Mais les liaisons fondées sur l’utilité, sont exposées à ce genre d’inconvénient : car, comme on ne s’attache l’un à l’autre qu’en vue des avantages qu’on espère, on en désire toujours de plus grands, on croit toujours en trouver moins qu’on avait droit d’en attendre, on se plaint, de ne pas obtenir tout ce qu’on aurait dû trouver et qu’on méritait : et le bienfaiteur se voit dans l’impossibilité de satisfaire à tous les besoins de l’obligé.
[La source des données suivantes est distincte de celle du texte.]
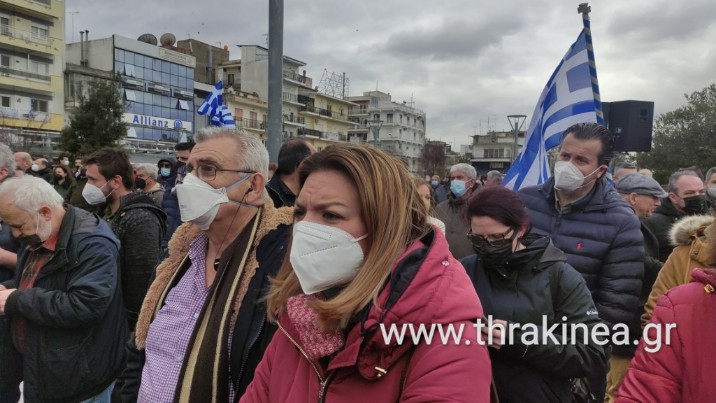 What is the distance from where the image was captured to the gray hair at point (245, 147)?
8.42 feet

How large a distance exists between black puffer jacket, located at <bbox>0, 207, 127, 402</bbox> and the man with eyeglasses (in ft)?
1.76

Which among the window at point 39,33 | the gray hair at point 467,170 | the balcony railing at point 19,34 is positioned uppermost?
the window at point 39,33

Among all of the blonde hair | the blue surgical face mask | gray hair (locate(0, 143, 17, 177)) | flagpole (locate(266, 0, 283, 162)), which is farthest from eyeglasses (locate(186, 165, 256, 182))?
the blue surgical face mask

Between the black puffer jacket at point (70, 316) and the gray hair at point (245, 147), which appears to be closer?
the gray hair at point (245, 147)

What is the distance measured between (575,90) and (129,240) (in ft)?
13.7

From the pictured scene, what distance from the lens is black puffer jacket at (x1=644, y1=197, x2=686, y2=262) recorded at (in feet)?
13.8

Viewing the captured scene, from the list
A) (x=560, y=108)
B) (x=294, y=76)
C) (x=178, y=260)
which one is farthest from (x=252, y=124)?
(x=178, y=260)

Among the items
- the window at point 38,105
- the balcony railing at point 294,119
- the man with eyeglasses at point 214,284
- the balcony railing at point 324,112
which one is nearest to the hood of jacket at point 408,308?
the man with eyeglasses at point 214,284

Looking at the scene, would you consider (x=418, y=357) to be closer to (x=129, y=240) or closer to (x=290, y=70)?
(x=129, y=240)

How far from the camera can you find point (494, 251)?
2432 millimetres

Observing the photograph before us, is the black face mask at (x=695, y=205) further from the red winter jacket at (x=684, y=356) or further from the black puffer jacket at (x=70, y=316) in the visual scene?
the black puffer jacket at (x=70, y=316)

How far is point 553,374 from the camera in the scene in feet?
7.48

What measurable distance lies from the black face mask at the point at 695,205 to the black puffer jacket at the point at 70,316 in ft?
14.6

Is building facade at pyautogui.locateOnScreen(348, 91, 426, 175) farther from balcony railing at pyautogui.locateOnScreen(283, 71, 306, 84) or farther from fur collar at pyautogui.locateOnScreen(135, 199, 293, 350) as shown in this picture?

On pourrait dire que de même qu’il y a deux sortes de droit, l’un [naturel] et non écrit, et l’autre déterminé par la loi, de même l’amitié fondée sur l’utilité, est de deux sortes, l’une morale, et l’autre légale. Or, les plaintes et les réclamations ont lieu surtout lorsque les engagements réciproques ne se sont pas formés d’après la même espèce d’amitié qui existe au moment de la rupture[1]. L’amitié que j’appelle légale a pour base des conventions expresses ; elle est tout-à-fait mercantile, et, comme on dit communément, de la main à la main. Elle

  1. C’est-à-dire, lorsque l’amitié qui était fondée sur des convenances morales réciproques, vient à se rompre par suite d’arrangements où la loi peut ou doit intervenir, comme l’auteur le donne à entendre, dans un autre endroit. (Eudem. l. 7, c. 10).